Lee Morgan / The Sixth Sense

CD帯から。「ザ・サイドワインダーから始まったジャズ・ロック路線の最終章。幻のテナーサックス奏者フランク・ミッチェルを擁する3管編成で、多彩なリズムにアプローチ」。確かに、スイングジャーナル1976年4月臨時増刊『世界ジャズ人名辞典』には、ミッチェルの名前はなかった。そして、彼のWikipediaによると、参加アルバムは本作を含めて4枚のみで、「27歳で殺害されるまでアート・ブレイキーやリー・モーガンらと活動した」とある。「幻」が適切とは思わないが、短命で終わったミュージシャンである。

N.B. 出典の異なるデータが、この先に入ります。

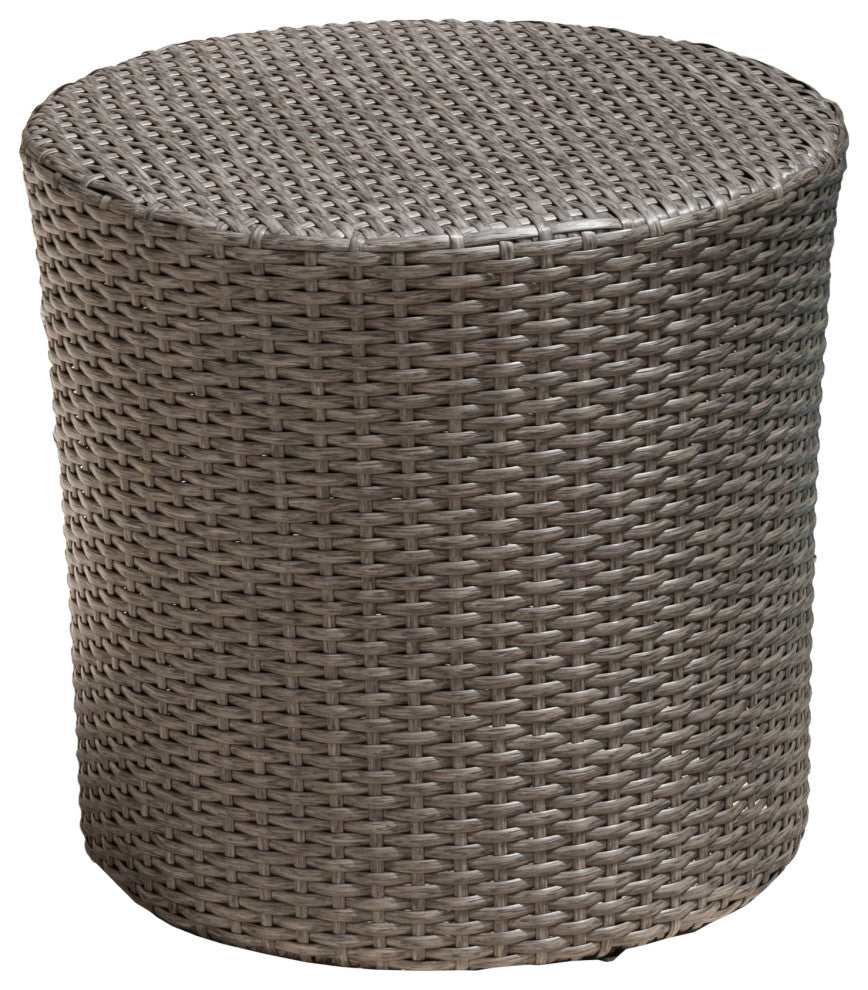 GDF Studio Overton Outdoor Gray Wicker Barrel Side Table, Dark Gray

ライナーノーツで藤本史昭氏は、「フランク・ミッチェルを除いて全員がモーガンとの共演歴があり、かつジャズ・メッセンジャーズ経験者」と、2021年6月付けで書いている。これは明らかな間違い。ドラムのビリー・ヒギンズのみが、当然ながらメッセンジャーズの経験なし。

それよりも、CD帯にあるように「ジャズ・ロック路線」と称されることが多いこの時期のリー・モーガン。だが、必ずしも8ビートに執着していたわけではない。ザ・サイドワインダー以降のアルバムでは、参加メンバーが流動的であるものの、ヒギンスだけはほぼ固定。ヒギンズはオールマイティーのドラマー。モーガンはどんな曲想にも対応できるヒギンズがいたからこそ、様々なスタイルにチャレンジできたのだろう。その中の一つがロック調であることが、このアルバムを聴くとよく分かる。

1. The Sixth Sense
2. Short Count
3. Psychedelic
4. Afreaka
5. Anti Climax
6. The Cry Of My People
7. Extemporaneous
8. Mickey's Tune
9. Leebop

Tracks 1 - 6
Lee Morgan - trumpet
Jackie McLean - alto saxophone (tracks 1-5)
Frank Mitchell - tenor saxophone
Cedar Walton - piano
Victor Sproles - bass
Billy Higgins - drums
Recorded on November 10, 1967 at Rudy Van Gelder Studio, Englewood Cliffs, New Jersey.

Tracks 7 - 9
Lee Morgan - trumpet
Frank Mitchell - tenor saxophone
Harold Mabern - piano
Mickey Bass - bass
Billy Higgins - drums
Recorded on September 13, 1968 at Rudy Van Gelder Studio, Englewood Cliffs, New Jersey.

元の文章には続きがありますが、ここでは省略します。